From an early age, Miller's left hand was rigidly curled and walking required him to limp on his toes. At the age of 9, Miller and his mother approached the Shriners Hospital for Children to operate on Miller's hand, hoping to straighten it by transferring muscle from the bottom of his wrist to the top. He was very aware that this surgery could mean not waking up, and has stated: "The decision was ultimately mine, and it was with a deep breath I signed the waiver with my good hand." By the time Kyle began playing golf, he had accumulated 14 surgeries, including one to straighten his left leg.

Miller began playing golf while in elementary school. During high school, he would skip classes to go to the driving range. Miller learned much of his ability by shadowing local golfer and coach Marty Desmarais at a local golf club in Calgary.

Miller studied business during university, but dropped out and moved to Florida despite having limited funds in order to pursue his dreams of becoming a professional golfer.

While in Florida, Kyle met fellow Canadian golf instructor Sean Foley. Miller has attributed much of his success to Foley, stating "What Sean has given me is hope and belief", "Here's someone who has become one of the top teachers in the world, and he's telling me I could make it. So why would I doubt myself?"

== Professional career ==

Miller turned professional in 2013 after finishing second in his Play Ability test. Subsequently, he went on to be featured in the Calgary Herald and Golf Digest in October 2013. In 2017, Miller was given a spot in the Mackenzie Tour. In doing so, Miller became the first golfer with Cerebral Palsy to achieve such a feat.

Miller believes that much of his success so far has been due to his disadvantage, and the lack of belief in his ability by his peers. Miller states, "I've been able to teach and inspire countless people with disabilities that achieving your dream is possible, regardless of what people tell you."

== Technique ==

The left half of Miller's body is numb, which means that he cannot feel his weight transfer forward during his downswing.
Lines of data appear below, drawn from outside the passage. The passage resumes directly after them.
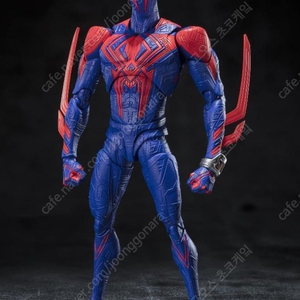 shf 스파이더맨 2099 예약양도 구합니다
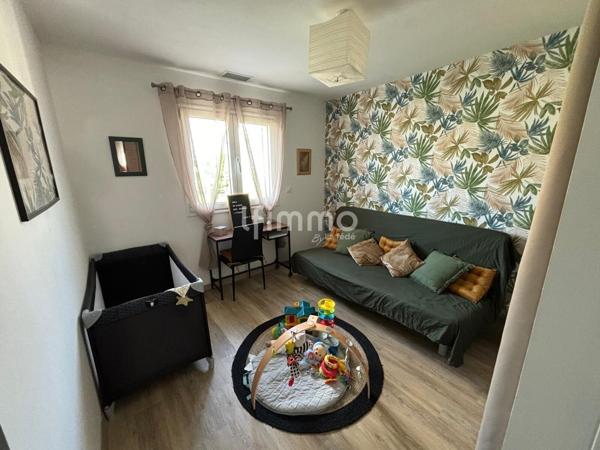 Maison Familiale - 6 pièces - 146m2 - Piscine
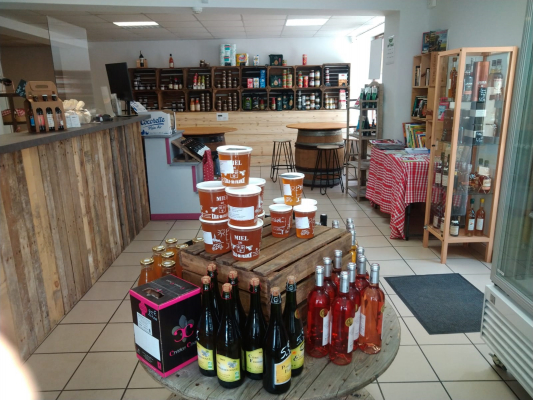Ocomptoir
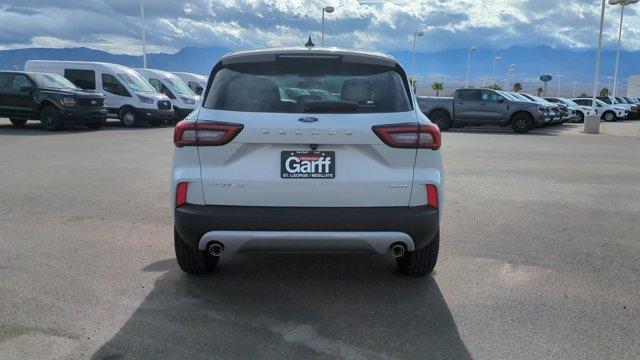 new 2026 Ford Escape car, priced at $34,210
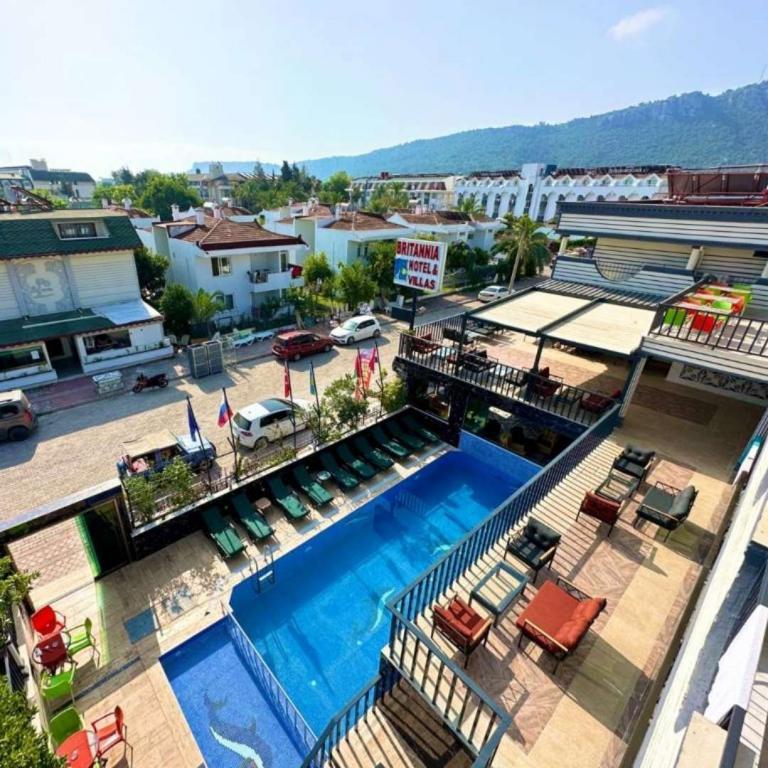 Britannia Hotel & Villas — 6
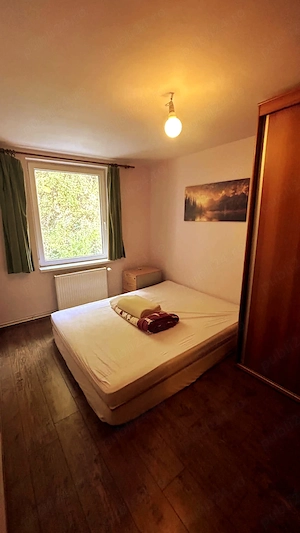 Închiriez apartament cu 3 camere în Șchei, Brașov   direct proprietar, fără agenții! - imagine 3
His mobility range through his left hand and left leg are limited.

In regards to his approach, Miller has stated "I've been forced to understand what the body could do, how the body got better and how I'm going to be good. So I think it's an advantage, not a disadvantage".

== Coaching ==

Alongside earning his professional status and competing in various Professional Golf Tour's, Miller has coached at golf's highest level, and has given thousands of lessons in an effort to inspire others to overcome their own obstacles through golf.

Miller has stated "Some guys need to learn how to get knocked down and get back up again, and enjoy it", "There's an art to that. There's a genuine art to thoroughly loving failure. I love it. It's the greatest thing that happened to me. And that's what I want to offer to players."

Miller is a current member of the Canadian Golf Teachers Federation and the World Golf Teachers Federation.

== Charitable efforts ==

Kyle is the spokesman for The Cerebral Palsy Association of Alberta and remains a passionate advocate to those with cerebral palsy and other disabilities. Much of his earnings and fundraising through golf are donated to charity.